Inside a Totino's Pizza Roll you'll find what looks like pizza toppings that have been through a horrible transporter accident. There is tomato sauce here, though tomato sauce with the bitter aftertaste that comes of someone dumping the entire jar of "Italian Seasoning" into a vat of tomato pulp. Chunks of brownish-gray sausage and bright red pepperoni squares mingle with a magical sort of mozzarella that defies any attempt to make it melt. I'm betting it's an advanced cheese hybrid that, when subjected to intense heat, instantly transitions from solid to gaseous form, with no near-liquid state in between.
It cuts a striking figure on the plate, to be sure. Whether alone or in a group, the Totino's Pizza Roll looks like something you should put in your mouth. That is its greatest success.
Gameplay
The look has to be its greatest success, because it's not winning any prizes for neatness or safety.
When you place molten tomato and cheese food product into a flimsy baked shell, accidents like this are bound to happen. Just look at the baking sheet you're left with after you've transferred the rolls onto a plate; it looks like a battlefield after the corpses have been dragged away — piles of ejected viscera as far as the eye can see.

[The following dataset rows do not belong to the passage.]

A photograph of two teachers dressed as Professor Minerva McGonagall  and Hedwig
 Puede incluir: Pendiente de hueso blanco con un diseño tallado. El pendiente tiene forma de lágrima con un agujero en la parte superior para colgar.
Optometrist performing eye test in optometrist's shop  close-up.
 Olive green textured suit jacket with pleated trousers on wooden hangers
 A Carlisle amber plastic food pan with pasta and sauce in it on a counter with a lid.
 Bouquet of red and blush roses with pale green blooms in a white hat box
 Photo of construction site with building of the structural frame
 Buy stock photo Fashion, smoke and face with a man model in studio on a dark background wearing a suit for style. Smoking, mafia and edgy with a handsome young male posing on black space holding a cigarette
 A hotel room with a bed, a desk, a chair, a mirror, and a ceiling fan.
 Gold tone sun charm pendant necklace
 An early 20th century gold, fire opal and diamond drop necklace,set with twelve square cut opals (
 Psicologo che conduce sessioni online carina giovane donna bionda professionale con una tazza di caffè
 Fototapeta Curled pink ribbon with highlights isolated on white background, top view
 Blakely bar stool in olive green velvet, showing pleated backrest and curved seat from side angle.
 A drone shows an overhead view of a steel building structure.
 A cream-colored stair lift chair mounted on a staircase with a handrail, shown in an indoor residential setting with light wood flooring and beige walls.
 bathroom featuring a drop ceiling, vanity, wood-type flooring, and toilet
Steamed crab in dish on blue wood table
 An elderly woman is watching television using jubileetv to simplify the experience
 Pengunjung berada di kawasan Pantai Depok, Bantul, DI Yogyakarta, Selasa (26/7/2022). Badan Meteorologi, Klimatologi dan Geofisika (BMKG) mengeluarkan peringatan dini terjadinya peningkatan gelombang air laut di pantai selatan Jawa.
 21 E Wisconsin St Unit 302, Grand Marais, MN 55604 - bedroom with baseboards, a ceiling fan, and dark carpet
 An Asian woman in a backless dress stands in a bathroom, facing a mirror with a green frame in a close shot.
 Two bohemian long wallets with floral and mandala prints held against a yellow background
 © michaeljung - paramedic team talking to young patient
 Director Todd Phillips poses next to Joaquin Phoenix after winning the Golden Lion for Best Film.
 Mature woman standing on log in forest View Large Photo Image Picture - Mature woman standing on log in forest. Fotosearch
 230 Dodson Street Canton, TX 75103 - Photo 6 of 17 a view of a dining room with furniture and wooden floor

These eruptions can also happen when biting into one of the bite-sized Hot Pockets. Ideally one pops a snack unit into their mouth after a lengthy cooling period (I give mine at least a month and a half) and they burst open with a single bite, a cyst of Italian-ish flavor exploding in your mouth.
Without that cooling period, however, the Totino's Pizza Roll is a dangerous weapon. The insulated nature of the wrap hides the true temperature of the molten mixture within. Having your mouth flooded with third-degree burns is not a good way to die. For one, it can't kill you. You'd think that was good, but then you spend a week getting torn bits of your own inner cheeks stuck between your teeth.
Or maybe the innards will burst outside of your mouth, coating your lips and chin with burning pain.
Just let the damn pizza rolls cool first, people.
It's really only the first two or three rolls you need to worry about anyway. They you'll get bored with them and start pulling them apart as a means to keep yourself entertained. This always happens.
The Verdict
Do you like heartburn?
I'm not a big fan myself. I've spent the better part of the year avoiding things that make the bile rise up in my throat, and here I am, burping up tomato basil-flavored stomach acid.
So that's a strike. The second strike is that the stomach acid cocktail doesn't taste much different than the rolls did going down. I still get that bitter seasoning taste. The tomato "sauce" hasn't changed much. If I'm incredibly lucky those tiny bits of meat, barely big enough to bite, come back up for another run through the tooth gauntlet.
As pleasant as it is to revisit a meal so completely, I am of the belief that food should undergo some sort of major transformation once it's been subjected to your internal mechanism. These Combination Totino's Pizza Rolls did not, so either they taste like heartburn to begin with, or taste so strong that the stomach acid, it does nothing.
I don't like eating food that makes me question the potency of my stomach acid. I think that's all I really need to say here.